この「心を読む」方法は万能でもなんでもなく、局所的な感度分析にすぎない。しかし、バズワードが乗せやすく営業的には受けが良かったのだ――と、一歩も二歩も引いた付言がつく。こうした細かいところも、ひじょうに上手い。
そして、エンターテインメントのキモである、キャラクター造形と言いまわしの部分。没落した三ノ瀬は借金のカタに、フリーランスのヤクザ、五嶋(ごとう)のある計画を手伝うはめになる。
「オーケー。ルールを守って楽しい監禁生活と行こうじゃないか」
五嶋は冷蔵庫から缶ビール……否、しるこ缶を一本手に取ってそう言った。しるこでピザを食べる姿は、僕の中の五嶋への警戒レベルを一段階高めるに十分だった。
なんと絶妙な空気。もう面白くなる予感しかないではないか!
落ちこぼれAIエンジニアの三ノ瀬と、トボけたヤクザ五嶋の取り合わせ。バディ小説ではあるが、ふたりのあいだに友情が育ったりしないのも、また良い。三ノ瀬はしかたなくアウトローな世界に踏みこんでいるものの、できるだけ早く五嶋と縁を切ってカタギの生活へ戻りたいと願っているし、五嶋は五嶋で自分の計画のため三ノ瀬を利用しているだけでヤバくなれば躊躇なく切りすてるつもりだ。それでも、計画を勧めるなか、ふたりのあいだに阿吽の呼吸みたいなものが通う。
さて、五嶋が企てたのは、現金輸送車の襲撃。装甲車を超える堅牢性を誇る特殊車両《ホエール》、そして警視庁鳴り物入りの治安維持AI(CBMS)を、たったふたりで出しぬこうというのだ。CBMSの計算リソースはクラウドGPUマシン七千台。秒間シミュレーション回数は約五十万回に及ぶ。
AlphaGoが人間プロ棋士を下して以降も、AIは進化をつづけている。

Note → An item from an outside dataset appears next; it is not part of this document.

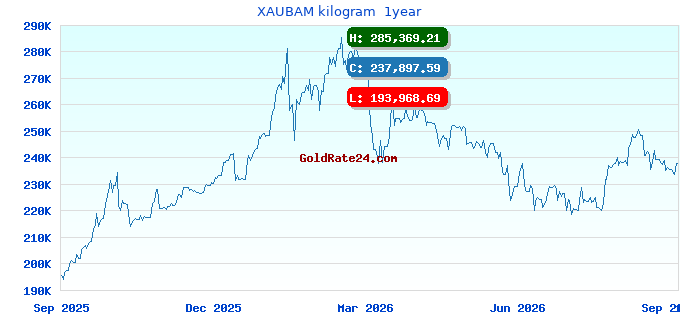 XAUBAM kilogram  1year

論理ゲームでは、人間に勝ち目はない。しかし、囲碁が閉じた論理ゲームなのに対し、CBMSは犯罪対策という環境にむけて開いた系を扱う。そこに一分の隙が見つかるかもしれない。とは言え、AIは自分の隙がわかれば、それを塞ぐことができる。つまり、三ノ瀬と五嶋にはCBMSの裏をかく戦術に加え、局面ごとの臨機応変な判断と迅速な実行が必要なのだ。

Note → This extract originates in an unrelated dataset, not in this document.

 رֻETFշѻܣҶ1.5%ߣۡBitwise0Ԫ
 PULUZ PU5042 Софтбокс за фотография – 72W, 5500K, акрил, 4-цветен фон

それが物語に緊張とスピードをもたらす。しかも、三ノ瀬・五嶋チームがキレイにゴールを決めて終わりという単純な展開でもない。現金強奪計画はそこで完結せず、博多カジノ(ファンクな日本趣味に彩られた欲望のパラダイス)を舞台とした、「スティング」ばりのコンゲームへとつながっていく。さらには、三ノ瀬の天敵とも言える、雲の上クラスのハッカー九頭(くず)が、謎めいた機械蛇サイモンを伴って立ちはだかる。

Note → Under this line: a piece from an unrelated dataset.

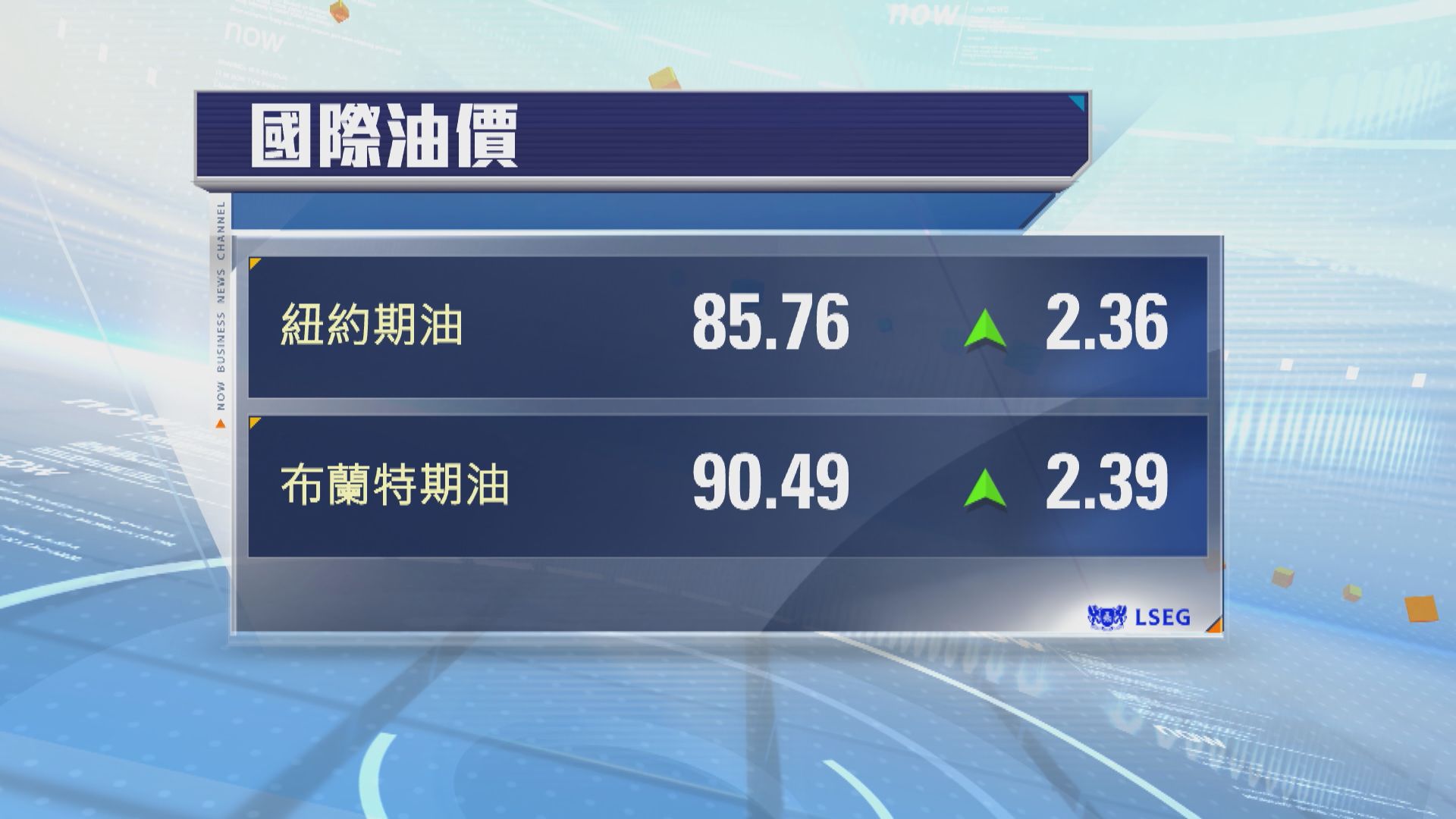 油價升近3%　布油升穿每桶90美元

起伏のあるストーリーテリングもさることながら、実写映画もかくやのスペクタクルや外連味のある演出もみごと。コンテストの選評で、「即戦力の印象」(東浩紀)、「面白さが随一」(小川一水)、「エンタメとして最上の部類」(塩澤快浩)と太鼓判を押されただけのことはある。